I am trying to perform ANN, but my data is split into partitions or "tenants." Searches are always restricted to a single tenant, which represents a small percentage of the total documents.
I first tried implementing this using a filter on a tenant string attribute. However, I encountered this piece of documentation, that suggests the performance will be poor:
There is a small problem here however. If the eligibility list is small in relation to the number of items in the graph, skipping occurs with a high probability. This means that the algorithm needs to consider an exponentially increasing number of candidates, slowing down the search significantly.

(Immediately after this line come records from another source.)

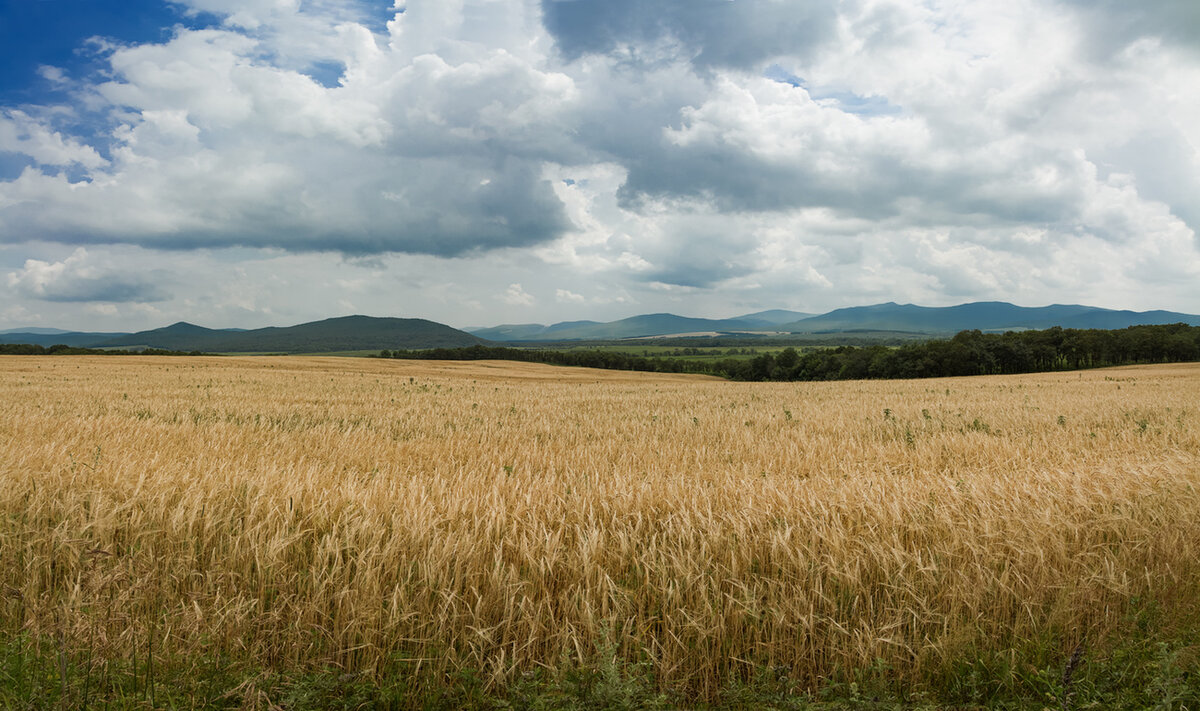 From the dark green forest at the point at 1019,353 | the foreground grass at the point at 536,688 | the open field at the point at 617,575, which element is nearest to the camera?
the foreground grass at the point at 536,688

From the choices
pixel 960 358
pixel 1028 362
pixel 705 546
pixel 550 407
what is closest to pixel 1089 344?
pixel 1028 362

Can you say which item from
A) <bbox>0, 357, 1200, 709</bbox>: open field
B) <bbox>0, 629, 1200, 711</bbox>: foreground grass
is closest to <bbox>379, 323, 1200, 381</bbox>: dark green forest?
<bbox>0, 357, 1200, 709</bbox>: open field

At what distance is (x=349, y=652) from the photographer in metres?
3.21

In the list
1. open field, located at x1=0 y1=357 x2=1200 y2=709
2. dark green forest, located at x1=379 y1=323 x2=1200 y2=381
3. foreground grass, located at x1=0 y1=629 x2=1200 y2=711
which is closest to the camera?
foreground grass, located at x1=0 y1=629 x2=1200 y2=711

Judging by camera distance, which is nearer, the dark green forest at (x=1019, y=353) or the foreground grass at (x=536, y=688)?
the foreground grass at (x=536, y=688)

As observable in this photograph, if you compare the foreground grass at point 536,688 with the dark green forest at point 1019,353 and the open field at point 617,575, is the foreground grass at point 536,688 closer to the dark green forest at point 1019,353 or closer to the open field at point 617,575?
the open field at point 617,575

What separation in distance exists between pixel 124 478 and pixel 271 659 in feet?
12.2

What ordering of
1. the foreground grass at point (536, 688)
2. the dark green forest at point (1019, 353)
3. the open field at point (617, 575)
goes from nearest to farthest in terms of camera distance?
the foreground grass at point (536, 688), the open field at point (617, 575), the dark green forest at point (1019, 353)

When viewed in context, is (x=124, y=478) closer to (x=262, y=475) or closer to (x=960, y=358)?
(x=262, y=475)

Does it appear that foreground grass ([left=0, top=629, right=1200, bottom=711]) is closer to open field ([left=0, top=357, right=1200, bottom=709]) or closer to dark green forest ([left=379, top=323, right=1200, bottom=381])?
open field ([left=0, top=357, right=1200, bottom=709])

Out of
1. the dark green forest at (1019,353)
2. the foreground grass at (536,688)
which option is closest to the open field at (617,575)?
the foreground grass at (536,688)

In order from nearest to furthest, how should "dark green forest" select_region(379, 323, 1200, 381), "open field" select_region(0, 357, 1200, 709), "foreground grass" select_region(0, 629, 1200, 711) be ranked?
"foreground grass" select_region(0, 629, 1200, 711) → "open field" select_region(0, 357, 1200, 709) → "dark green forest" select_region(379, 323, 1200, 381)

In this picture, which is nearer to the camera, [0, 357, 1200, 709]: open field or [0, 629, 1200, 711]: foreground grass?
[0, 629, 1200, 711]: foreground grass

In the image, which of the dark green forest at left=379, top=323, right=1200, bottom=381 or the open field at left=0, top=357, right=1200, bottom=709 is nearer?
the open field at left=0, top=357, right=1200, bottom=709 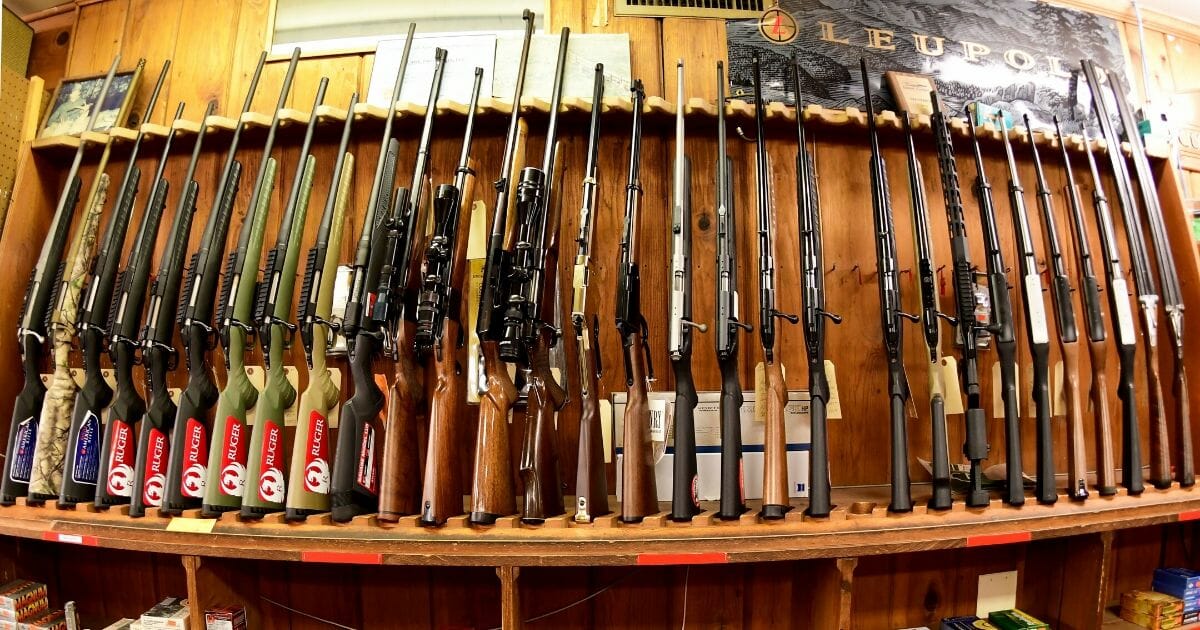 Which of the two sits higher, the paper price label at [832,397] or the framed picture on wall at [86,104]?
the framed picture on wall at [86,104]

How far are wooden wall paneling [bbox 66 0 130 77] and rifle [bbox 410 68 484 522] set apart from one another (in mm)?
2127

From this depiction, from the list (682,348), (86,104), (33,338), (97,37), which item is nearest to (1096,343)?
(682,348)

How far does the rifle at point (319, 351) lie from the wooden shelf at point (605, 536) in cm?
10

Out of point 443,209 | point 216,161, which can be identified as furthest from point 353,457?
point 216,161

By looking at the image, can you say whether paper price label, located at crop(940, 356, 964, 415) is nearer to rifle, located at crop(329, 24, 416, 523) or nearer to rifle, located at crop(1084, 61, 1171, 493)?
rifle, located at crop(1084, 61, 1171, 493)

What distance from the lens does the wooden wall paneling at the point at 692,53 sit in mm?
2375

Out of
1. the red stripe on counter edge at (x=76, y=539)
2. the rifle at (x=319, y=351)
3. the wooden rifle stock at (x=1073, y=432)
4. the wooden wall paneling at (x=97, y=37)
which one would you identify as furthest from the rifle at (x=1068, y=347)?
the wooden wall paneling at (x=97, y=37)

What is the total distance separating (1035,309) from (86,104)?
4.07m

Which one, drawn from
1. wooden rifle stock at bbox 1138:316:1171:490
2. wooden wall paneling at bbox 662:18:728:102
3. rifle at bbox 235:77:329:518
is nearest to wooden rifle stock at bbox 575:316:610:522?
rifle at bbox 235:77:329:518

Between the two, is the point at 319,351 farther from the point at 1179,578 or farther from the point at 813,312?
the point at 1179,578

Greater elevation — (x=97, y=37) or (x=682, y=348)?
(x=97, y=37)

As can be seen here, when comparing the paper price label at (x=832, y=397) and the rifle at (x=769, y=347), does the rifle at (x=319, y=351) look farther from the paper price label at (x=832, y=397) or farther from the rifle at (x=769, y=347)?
the paper price label at (x=832, y=397)

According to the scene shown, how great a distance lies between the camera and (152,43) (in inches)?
104

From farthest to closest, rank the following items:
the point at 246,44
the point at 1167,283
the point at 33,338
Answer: the point at 246,44 < the point at 1167,283 < the point at 33,338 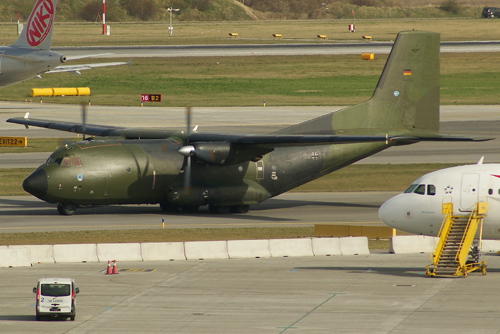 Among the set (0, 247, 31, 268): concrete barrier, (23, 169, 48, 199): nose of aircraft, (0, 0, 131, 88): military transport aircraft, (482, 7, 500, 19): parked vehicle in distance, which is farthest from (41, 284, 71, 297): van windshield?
(482, 7, 500, 19): parked vehicle in distance

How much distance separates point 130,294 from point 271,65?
9096 centimetres

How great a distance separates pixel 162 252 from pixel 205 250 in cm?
166

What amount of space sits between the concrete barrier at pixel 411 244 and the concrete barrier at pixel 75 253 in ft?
38.7

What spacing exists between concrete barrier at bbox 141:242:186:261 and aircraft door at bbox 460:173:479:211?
10673 millimetres

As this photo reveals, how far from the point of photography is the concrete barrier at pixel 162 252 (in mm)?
29078

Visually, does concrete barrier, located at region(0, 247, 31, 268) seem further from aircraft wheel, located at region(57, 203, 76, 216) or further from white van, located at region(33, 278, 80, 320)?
aircraft wheel, located at region(57, 203, 76, 216)

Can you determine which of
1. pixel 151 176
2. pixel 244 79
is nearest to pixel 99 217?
pixel 151 176

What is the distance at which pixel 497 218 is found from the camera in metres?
25.1

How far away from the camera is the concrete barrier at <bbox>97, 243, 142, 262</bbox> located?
94.5 feet

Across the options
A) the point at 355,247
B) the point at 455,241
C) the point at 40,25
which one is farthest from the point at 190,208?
the point at 40,25

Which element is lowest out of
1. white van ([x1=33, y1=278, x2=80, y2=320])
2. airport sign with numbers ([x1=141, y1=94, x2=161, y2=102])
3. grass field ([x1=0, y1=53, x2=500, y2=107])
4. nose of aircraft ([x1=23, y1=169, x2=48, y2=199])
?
white van ([x1=33, y1=278, x2=80, y2=320])

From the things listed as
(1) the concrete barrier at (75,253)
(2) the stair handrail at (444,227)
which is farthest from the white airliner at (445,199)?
(1) the concrete barrier at (75,253)

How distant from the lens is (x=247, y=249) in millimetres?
29703

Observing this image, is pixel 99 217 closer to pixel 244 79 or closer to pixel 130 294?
pixel 130 294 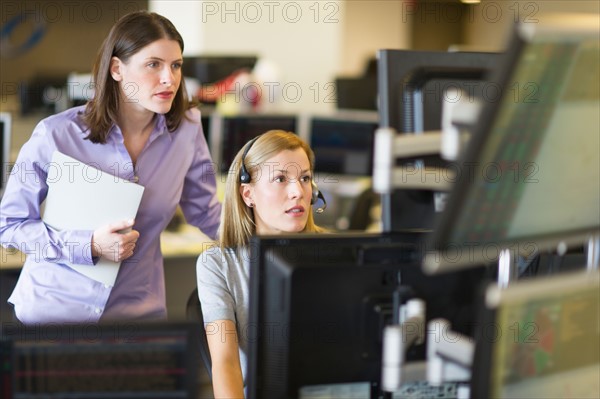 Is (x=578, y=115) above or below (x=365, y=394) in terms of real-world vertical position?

To solve this, Vespa.ai switches over to a brute-force search when this occurs. The result is a efficient ANN search when combined with filters.
What's the best way to solve my problem? Will partitioning my data into separate namespaces trigger the creation of a separate HNSW graph per namespace?
Performance will be fine, the query planner will just choose to not use the ANN index for these queries. You'll find lots of details on this topic, including how to tune this, in this blog post: https://blog.vespa.ai/constrained-approximate-nearest-neighbor-search/
If all your queries are towards a single tenant which is a small percentage of the total documents I don't think you necessarily need to create an HNSW index at all, but this depends on the absolute numbers and the largest "small percentage".
(Namespaces are not relevant here - their only purpose is to safely add a string to ids so that you can have multiple sources of ids and still be guaranteed global uniqueness.)